PROVIDED DATA:
====
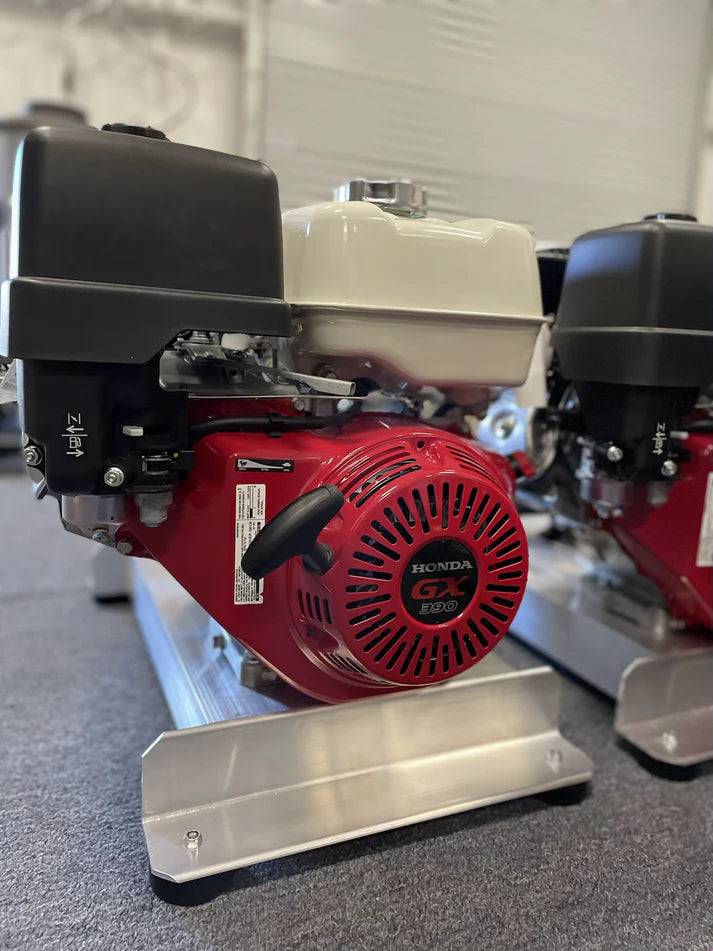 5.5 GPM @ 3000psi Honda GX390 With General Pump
====
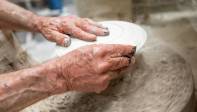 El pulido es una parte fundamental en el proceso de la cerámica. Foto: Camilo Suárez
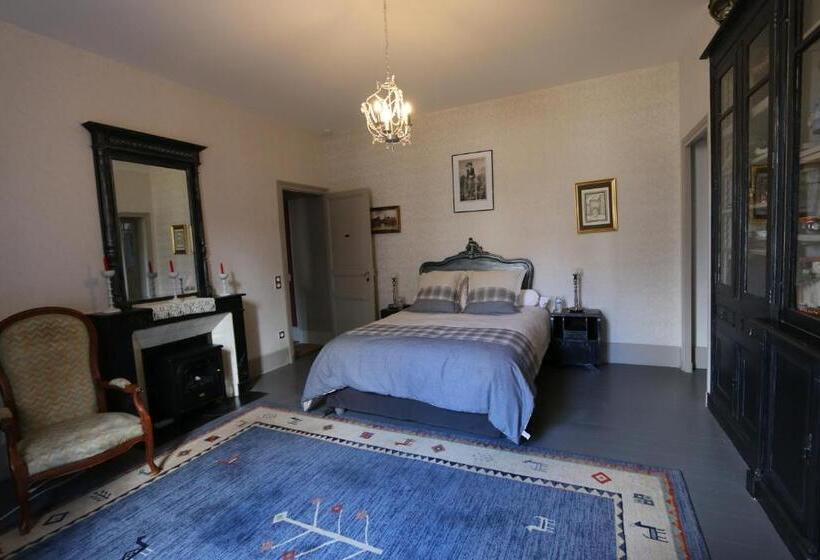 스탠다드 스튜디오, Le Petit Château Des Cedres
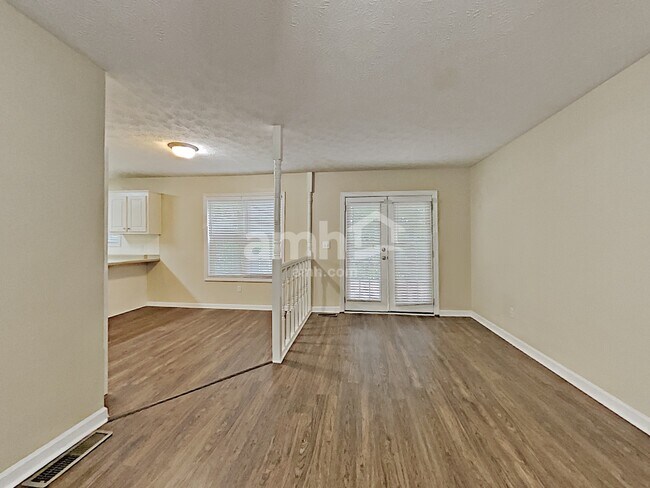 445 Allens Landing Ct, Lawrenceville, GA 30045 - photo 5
====
EXERCISE REQUIREMENTS:
In the records above, find the line with "El pulido es". Print exactly from there through the line with "445 Allens Landing", minus the pictures.

RESULT BELOW:
 El pulido es una parte fundamental en el proceso de la cerámica. Foto: Camilo Suárez
 스탠다드 스튜디오, Le Petit Château Des Cedres
 445 Allens Landing Ct, Lawrenceville, GA 30045 - photo 5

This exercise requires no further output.